There is an incredible story in an incredible book that details the life and conversion of one Marino Restrepo -- formerly of Colombia, now in California, whose life has a movie-like quality but emblazoned now with a touch that is ethereal -- and heavenly.

It is an intense book not only because of the story but because it is full of deep and unique spiritual insights. Perhaps "powerful" is the word: Restrepo, who is now a Catholic missionary, with an apostolate in 21 countries, started out as did so many of his era in a world of sex, drugs, hippiedom, and slavish devotion to entertainment.

Born in the highlands of the Andes mountains, he moved to Germany in his late teens, where he married and studied music before relocating to Hollywood and entering the music and film industries -- as well as debauchery.

It is not a pretty picture, although it is certainly a familiar one.

There were endless girlfriends, there was the pot, cocaine, hallucinogenic drugs, there was the alcohol and dabbling in the occult -- every stylish Sixties thing from Eastern religions to yoga and tarot cards.

Playing a guitar for a living, Restrepo became what he himself describes as "astrological, superstitious, spiritualistic, and alchemistic."

There was even voodoo.

It was the recipe that so many his age bought into; it was also a recipe for disaster.

When Marino's marriage came to a predictable and early end, Marino moved to the U.S. and continued the waywardness. In his own words his life "became immersed in a world of bars, cocaine, and women who were as decadent as I."

"The same spirit that had baptized me to the world of [a girlfriend who used drugs in Colombia], through the first marijuana cigarette in 1967, was still orienting my life in California," he writes in the book, From Darkness into the Light, which we could not put down. "It was no coincidence that coming from the same dark force, it would beckon me, giving one last shake before leaving me in perpetual darkness.

As a musician and later in the film-merchandising business, the former Colombian was to encounter "many evil characters [who] had infiltrated Hollywood as famous writers working for the most prestigious film studios, or as producers of the greatest movies ranging from Disney's productions for children to Warner Brothers' horror movies. This spirit began to grow in the 1960s when the 'love and peace' generation was born, and has grown ever since."

We get the picture: this young man was brushing up against dark spirits. And perhaps not coincidentally, his was a family of tragedy. By the early 1990s, Marino's youngest brother had died in a sea accident, and six months later, his father passed away from a brain hemorrhage. A few years after that, another brother shot himself to death during an argument with his wife. And two months after the death of his second brother, Marino's mother died. Intergenerational baggage?

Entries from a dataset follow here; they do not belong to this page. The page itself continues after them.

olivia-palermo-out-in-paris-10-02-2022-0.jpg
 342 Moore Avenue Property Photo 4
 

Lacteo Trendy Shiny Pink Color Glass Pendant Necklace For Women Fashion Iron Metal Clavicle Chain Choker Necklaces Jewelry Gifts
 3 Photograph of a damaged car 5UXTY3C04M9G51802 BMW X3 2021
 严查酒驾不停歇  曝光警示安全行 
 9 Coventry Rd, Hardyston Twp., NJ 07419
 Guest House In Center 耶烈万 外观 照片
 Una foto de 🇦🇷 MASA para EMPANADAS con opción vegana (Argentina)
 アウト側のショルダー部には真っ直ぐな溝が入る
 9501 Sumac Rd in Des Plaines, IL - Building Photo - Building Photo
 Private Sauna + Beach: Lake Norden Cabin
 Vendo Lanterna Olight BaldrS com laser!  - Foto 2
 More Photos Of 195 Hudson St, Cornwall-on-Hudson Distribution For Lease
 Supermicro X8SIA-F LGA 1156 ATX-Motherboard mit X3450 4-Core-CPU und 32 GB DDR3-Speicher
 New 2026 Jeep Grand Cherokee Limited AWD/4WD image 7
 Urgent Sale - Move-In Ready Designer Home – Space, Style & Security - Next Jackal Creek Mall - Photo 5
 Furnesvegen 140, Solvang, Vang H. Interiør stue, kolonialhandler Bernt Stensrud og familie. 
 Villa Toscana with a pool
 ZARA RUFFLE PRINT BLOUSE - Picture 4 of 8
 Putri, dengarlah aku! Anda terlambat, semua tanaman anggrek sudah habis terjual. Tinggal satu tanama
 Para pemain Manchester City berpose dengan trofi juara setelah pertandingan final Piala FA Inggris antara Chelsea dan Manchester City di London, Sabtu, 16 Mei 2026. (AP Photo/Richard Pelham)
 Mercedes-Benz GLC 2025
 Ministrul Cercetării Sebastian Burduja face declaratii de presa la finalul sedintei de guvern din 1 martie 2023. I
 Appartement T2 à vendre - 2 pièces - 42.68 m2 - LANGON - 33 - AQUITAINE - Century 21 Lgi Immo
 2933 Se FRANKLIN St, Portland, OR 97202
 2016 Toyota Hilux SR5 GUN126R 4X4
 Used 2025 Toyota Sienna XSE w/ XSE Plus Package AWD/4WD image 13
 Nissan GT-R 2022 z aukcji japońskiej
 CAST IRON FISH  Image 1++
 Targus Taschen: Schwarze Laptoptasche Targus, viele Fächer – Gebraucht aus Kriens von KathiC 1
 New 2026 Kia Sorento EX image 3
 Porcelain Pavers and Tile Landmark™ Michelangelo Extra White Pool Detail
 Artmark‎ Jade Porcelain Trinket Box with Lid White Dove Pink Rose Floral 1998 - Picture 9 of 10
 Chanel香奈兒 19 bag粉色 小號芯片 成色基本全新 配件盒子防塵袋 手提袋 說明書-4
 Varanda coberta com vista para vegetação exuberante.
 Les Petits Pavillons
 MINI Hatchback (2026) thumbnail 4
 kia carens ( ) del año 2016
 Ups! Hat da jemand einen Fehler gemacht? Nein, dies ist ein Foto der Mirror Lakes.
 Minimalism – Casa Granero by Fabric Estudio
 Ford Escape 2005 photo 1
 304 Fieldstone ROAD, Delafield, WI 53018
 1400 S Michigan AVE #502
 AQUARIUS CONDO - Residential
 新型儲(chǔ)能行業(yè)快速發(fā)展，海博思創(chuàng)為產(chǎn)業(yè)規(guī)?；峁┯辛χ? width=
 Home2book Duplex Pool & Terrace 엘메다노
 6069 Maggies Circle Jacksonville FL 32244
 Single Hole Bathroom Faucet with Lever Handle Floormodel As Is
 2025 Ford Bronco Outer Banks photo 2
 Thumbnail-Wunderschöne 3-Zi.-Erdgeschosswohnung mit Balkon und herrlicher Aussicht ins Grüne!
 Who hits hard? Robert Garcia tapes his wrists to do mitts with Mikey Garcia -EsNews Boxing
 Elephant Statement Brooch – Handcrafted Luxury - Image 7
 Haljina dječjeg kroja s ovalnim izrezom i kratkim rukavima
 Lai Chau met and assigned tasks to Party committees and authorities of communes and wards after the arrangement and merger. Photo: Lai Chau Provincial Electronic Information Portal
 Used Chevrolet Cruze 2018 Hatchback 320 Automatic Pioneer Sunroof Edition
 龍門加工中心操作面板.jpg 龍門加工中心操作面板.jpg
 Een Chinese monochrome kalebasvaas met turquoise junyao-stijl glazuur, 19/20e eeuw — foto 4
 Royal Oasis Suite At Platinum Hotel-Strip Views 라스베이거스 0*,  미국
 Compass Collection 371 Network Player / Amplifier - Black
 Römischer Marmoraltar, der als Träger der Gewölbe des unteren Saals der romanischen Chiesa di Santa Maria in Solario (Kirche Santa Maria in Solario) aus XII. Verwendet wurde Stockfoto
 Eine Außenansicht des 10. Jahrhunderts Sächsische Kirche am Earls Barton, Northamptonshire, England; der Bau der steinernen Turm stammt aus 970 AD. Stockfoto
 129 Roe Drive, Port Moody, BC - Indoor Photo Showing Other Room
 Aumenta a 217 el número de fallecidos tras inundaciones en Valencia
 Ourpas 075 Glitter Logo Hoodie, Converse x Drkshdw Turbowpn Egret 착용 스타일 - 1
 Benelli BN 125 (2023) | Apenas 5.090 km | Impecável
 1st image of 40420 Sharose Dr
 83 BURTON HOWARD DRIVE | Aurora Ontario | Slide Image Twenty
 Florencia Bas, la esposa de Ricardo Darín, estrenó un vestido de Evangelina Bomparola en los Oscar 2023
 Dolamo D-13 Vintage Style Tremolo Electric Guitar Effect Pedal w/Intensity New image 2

It was here that the real drama began. Returning to Colombia to share the grief with his sisters -- and at the same time to party in the loose atmosphere of his homeland -- Restrepo left to spend the night -- Christmas -- at an uncle's farm in Anserma.

For the next six months, he would find himself in a hell of former drug lords who now made their money kidnapping the wealthy and collecting ransoms.

"When I arrived, I was surprised to find the gate closed, for my uncle would always leave it open when he knew I was coming," writes Marino. "One of my nephews was with me and I asked him to get out of the car and open the gate.

"The moment he opened it, a group of men holding guns, with their heads covered, jumped out of the darkness. A few seconds later, they put my nephew in the rear seat of my car. They opened all the doors, like hungry dogs, and looked for anything they could find. They forced me out of the car, tied my hands, covered my head, and took all my belongings."

The abductors were to turn him over the other criminals who thought he was rich and demanded payment or they would kill his sisters. This was the mean territory of drug cartels. It was the beginning of a hell that would involve his detention -- for endless weeks -- in a cave filled with vermin.

"I was surrounded by thousands of bats," Restrepo recounts. "The floor on which I had fallen was rotten and covered with bat excrement. At the same time, thousands of bugs came out of the excrement and crawled on my clothes, biting me from head to toe. Each bite produced a different itch. Some of them felt like electric shocks; others produced big skin inflammations."

It was like the evil spirits had manifested. It is what his "glamorous" life had been reduced to -- "a pile of ashes." He was bound with rope. Much of the time, there was that hood over his head. This went on for days -- then weeks. He was sure he was going to die -- that he was to be executed. Every day were moments -- listening to someone load a gun, hearing a knife being sharpened -- that he thought would be his last.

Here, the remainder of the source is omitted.